The primary process in a traditional contract is based on a buy/sell dipole between contractors, but the decision is based on the best offer and the minimum premium (Kordas, 2015). However, there are other important elements to consider while contracting including triple-constraint parameters such as time, cost and quality.

Successful project management aims at achieving the planned targets for both contractors and project clients. Those activities are often supported by a risk management system based on which contractors identify, assess, monitor, and control any type of risk that may emerge in any stage of the project.

Key Terms in this Chapter

Risk Management: The act of handling the risk exposure through mitigation, acceptance, sharing and avoidance.
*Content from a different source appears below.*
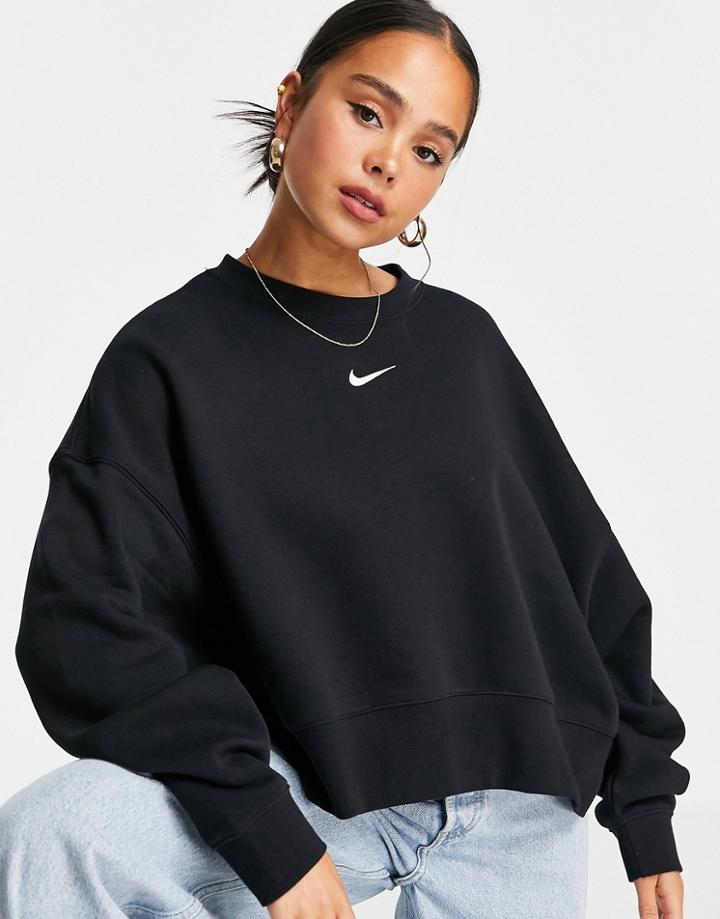 Nike Mini Swoosh Oversized Boxy Sweatshirt In Black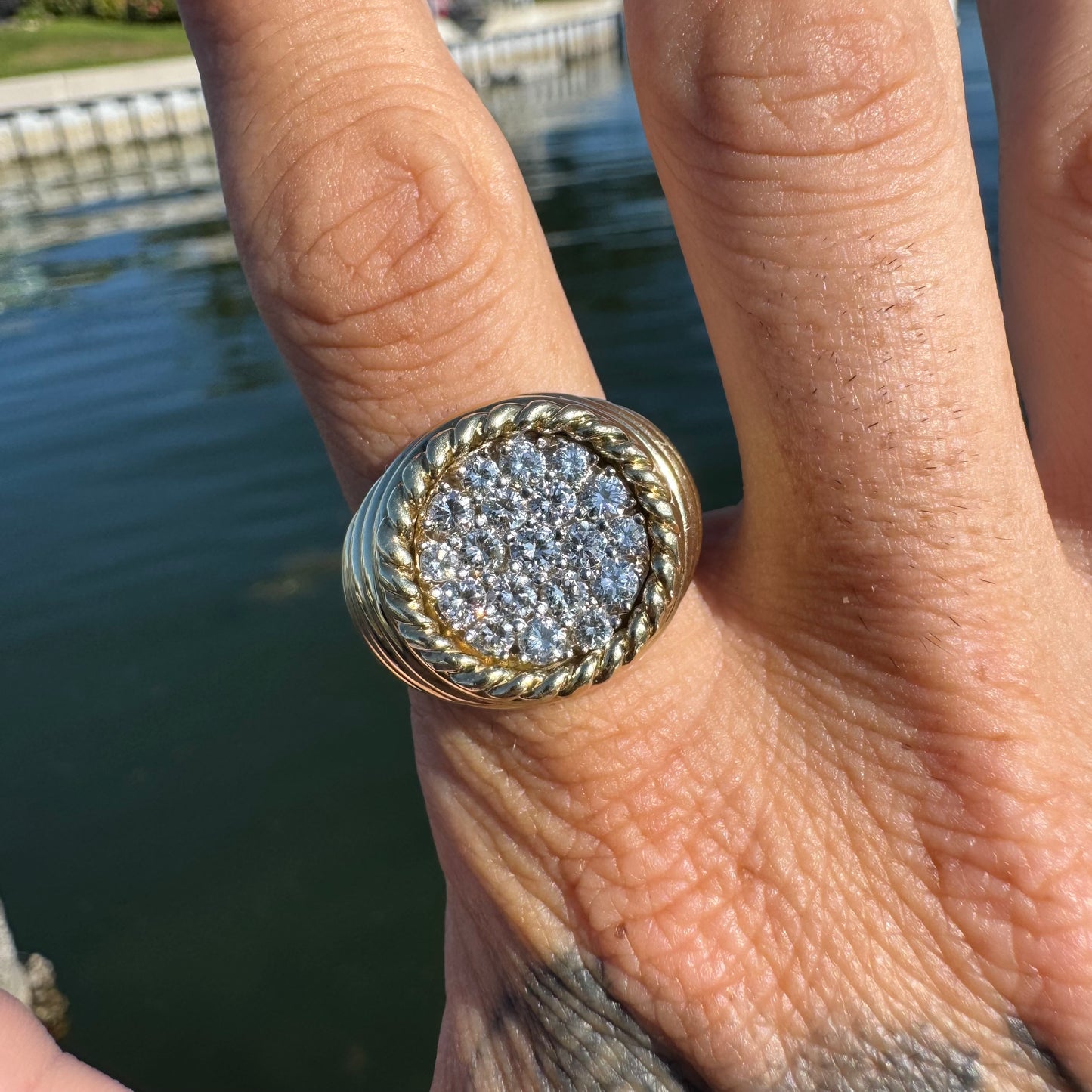 1970’s Solid 14k Yellow Gold 2.0ctw Natural VS Diamond Heavyweight Cluster Ring (12)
It includes the ability to handle information and technology risks based on stakeholders’ risk parameters.

Risk Modeling: Usually referrers to quantitative modeling of extreme events and systemic risks through the use of advanced mathematical techniques and multi-agent-based modeling.

Risk Frameworks: A skeleton that gives the total enterprise risk management strategy a proper guideline with steps to follow.

Risk Mitigation: A process that involves taking action to reduce an organization's exposure to potential threats and reduce the likelihood that those threats will happen again or will affect the project deliverables.

Outsourcing: A common method whereby a third party performs a function on behalf of the Enterprise, often when additional resources (either time, expertise, human resources, service, etc.) are needed.

Governance: Refers to the structures and processes that are designed to ensure accountability, transparency, responsiveness, rule of law, stability, equity and inclusiveness, empowerment, and broad-based participation.

Agile Methodology: A development method and a leadership philosophy that encourages teamwork, self-organization, and accountability to develop a dynamic service that can respond to change and continuously deliver business value.